Michael completed his M.S. in 1997 with a thesis describing the population genetic
structuring of walleye in Minnesota and Wisconsin. He then worked as a laboratory
manager/research assistant for a conservation genetics laboratory at Utah State University
conducting research to benefit cutthroat trout and other sensitive aquatic species in Utah.
Michael came to the Columbia River Fisheries Program Office from the Utah Division of
Wildlife Resources where he worked from 1998-2004. He began his work with that agency
as a native aquatic species biologist in Salt Lake City from 1998-2000, assisting in
statewide recovery activities toward sensitive and endangered aquatic species such as
Bonneville cutthroat trout, Colorado River cutthroat trout, and June sucker. From 2000-2004,
he served as the project leader for the Moab Field Station conducting research and monitoring
to benefit recovery of the endangered razorback sucker, Colorado pikeminnow, humpback chub and
bonytail in the upper Colorado River basin.

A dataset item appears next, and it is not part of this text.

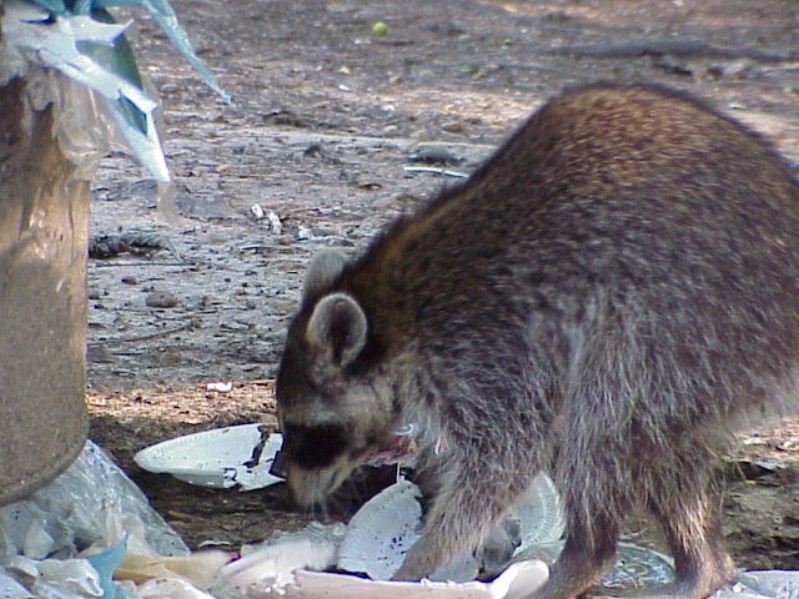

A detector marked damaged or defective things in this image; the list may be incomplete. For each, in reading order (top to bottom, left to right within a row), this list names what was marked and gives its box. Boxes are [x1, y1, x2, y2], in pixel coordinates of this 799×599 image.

broken plate [131, 424, 282, 490]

Michael, his wife, Bernadette, and their daughter, Clara, live in Portland with their dog,
Fergus, and three cats, Chili, Tumbleweed, and Chaco.
Educational Background: M.S., Natural Resources Ecology and Conservation Biology,
1997, University of Illinois Urbana-Champaign; B.S., Biology, 1994, University of Illinois
Urbana-Champaign.
To contact Michael,
please call 360.604.2500 or email michael_hudson@fws.gov.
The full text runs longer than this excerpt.